Since then, the Lahn-Dill district has comprised 23 towns and municipalities on an area of 1066.5 km2.

==Geography==
The main rivers of the district are the Lahn and the Dill, which also gave it the name. It is mountain landscape with the Westerwald in the west, the Taunus in the south, the Lahn-Dill-Bergland in the east and the Rothaargebirge of the Sauerland in the north. The highest elevation with 671 m is near Rittershausen (part of Dietzhölztal), the lowest with 135 m is in the Lahn valley in Biskirchen (part of the town of Leun).

==Coat of arms==
The coat of arms shows the imperial eagle in the top, a sign for the imperial city Wetzlar. The bottom part – taken from the arms of the previous Dillkreis – shows the lion of Nassau and the horn of the princes of Orange-Nassau, which later became the Dutch royal family. Dillenburg was the capital of the county of Nassau and later of Nassau-Orange.
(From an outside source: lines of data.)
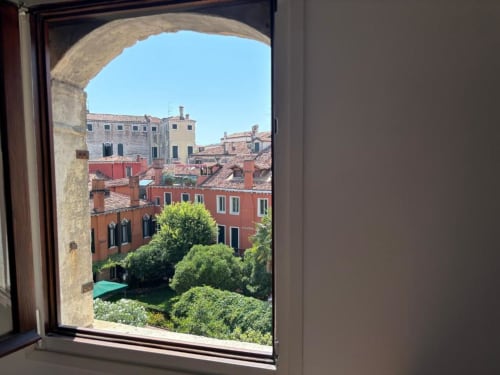 Arched window view of Venice rooftops and red buildings from Casanova Hideaway hotel room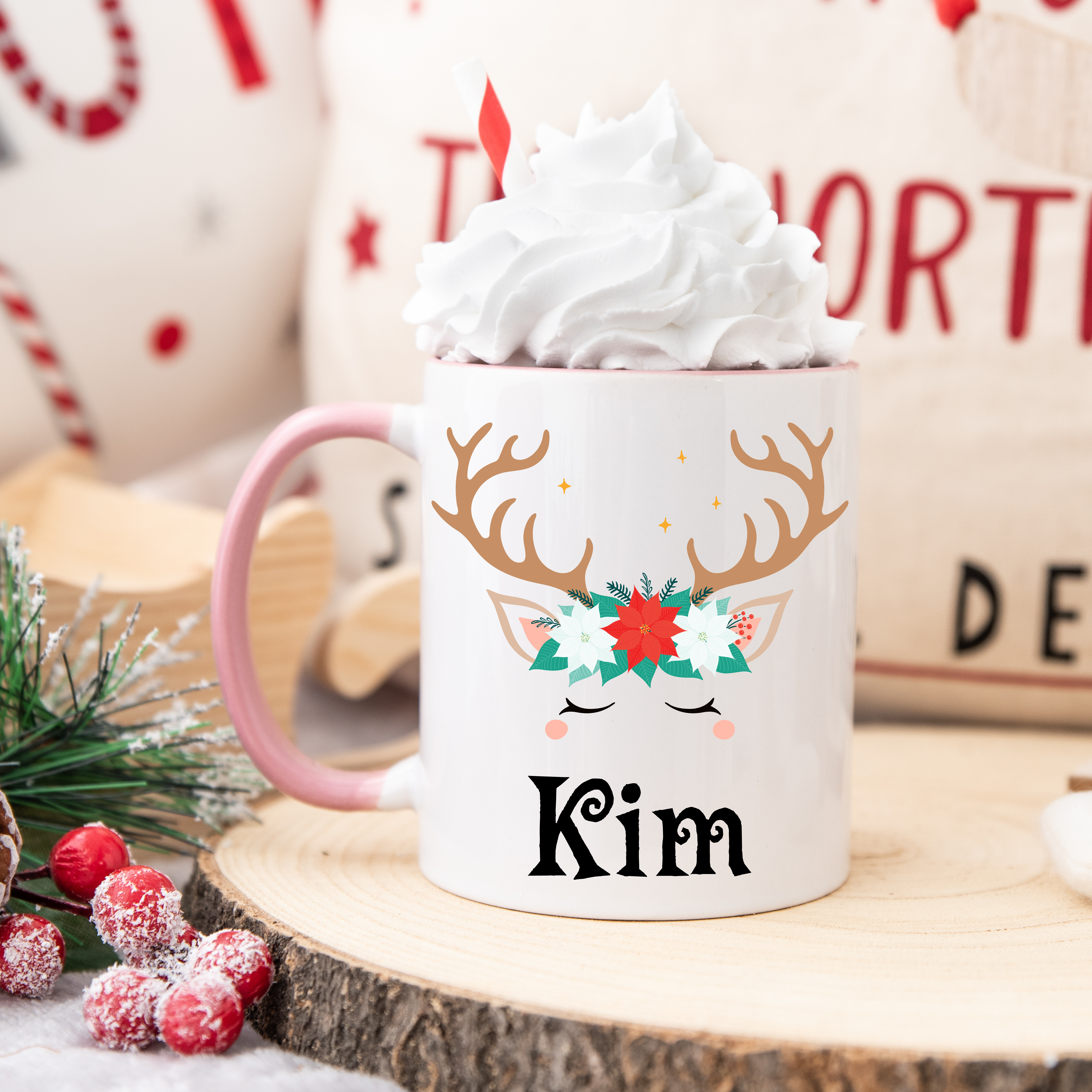 Mug de Noël avec motif renne et couronne florale, anse rose et intérieur rose, posé sur une table avec chantilly et décoration festive.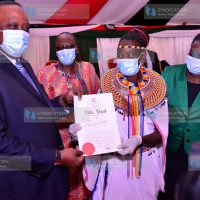 President Uhuru Kenyatta presents a title deed to Michenua Lekurayo from Samburu County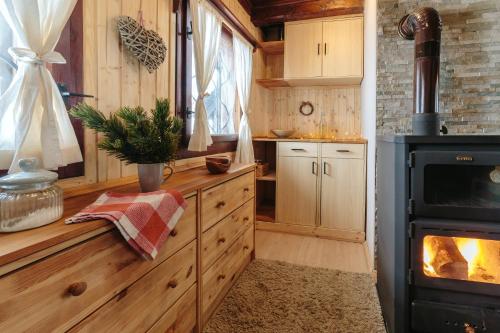 a kitchen with wooden cabinets and a stove at Chalet Tisa Velika Planina in Stahovica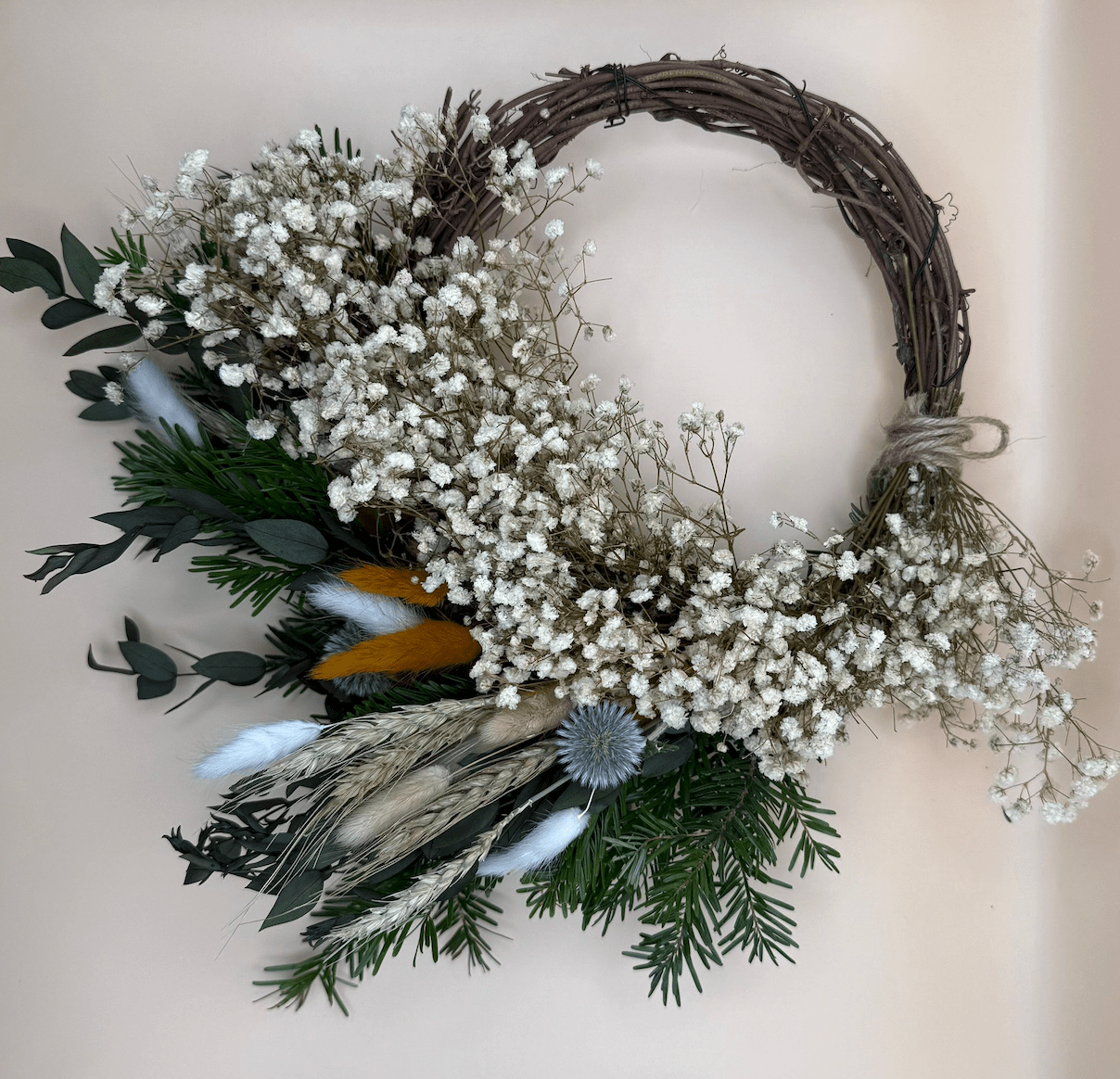 Decorative wreath with white flowers, green leaves, and feathers on a neutral background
==Towns and municipalities==

| Towns | Municipalities | |
| #Aßlar #Braunfels #Dillenburg #Haiger #Herborn #Leun #Solms #Wetzlar | #Bischoffen #Breitscheid #Dietzhölztal #Driedorf #Ehringshausen #Eschenburg #Greifenstein #Hohenahr | - Hüttenberg - Lahnau - Mittenaar - Schöffengrund - Siegbach - Sinn - Waldsolms |

==Transport==

Rhein-Main-Verkehrsverbund (RMV)

Railway lines in service and partly located in the Lahn-Dill district are the Dill railway, the Heller Valley railway and the Lahn Valley Railway.

The Cross Westerwald railway (Montabaur - Wallmerod - Westerburg - Rennerod - Herborn) also is located partly in the Lahn-Dill district, although it is only in service for freight transport between Montabaur and Wallmerod.
The interest group IG Westerwald-Querbahn e. V. (IWQ) also uses it for touristic draisine rides between Fehl-Ritzhausen and Rennerod.

The Lahn-Dill district is located in the area of the transport association Rhein-Main-Verkehrsverbund (RMV).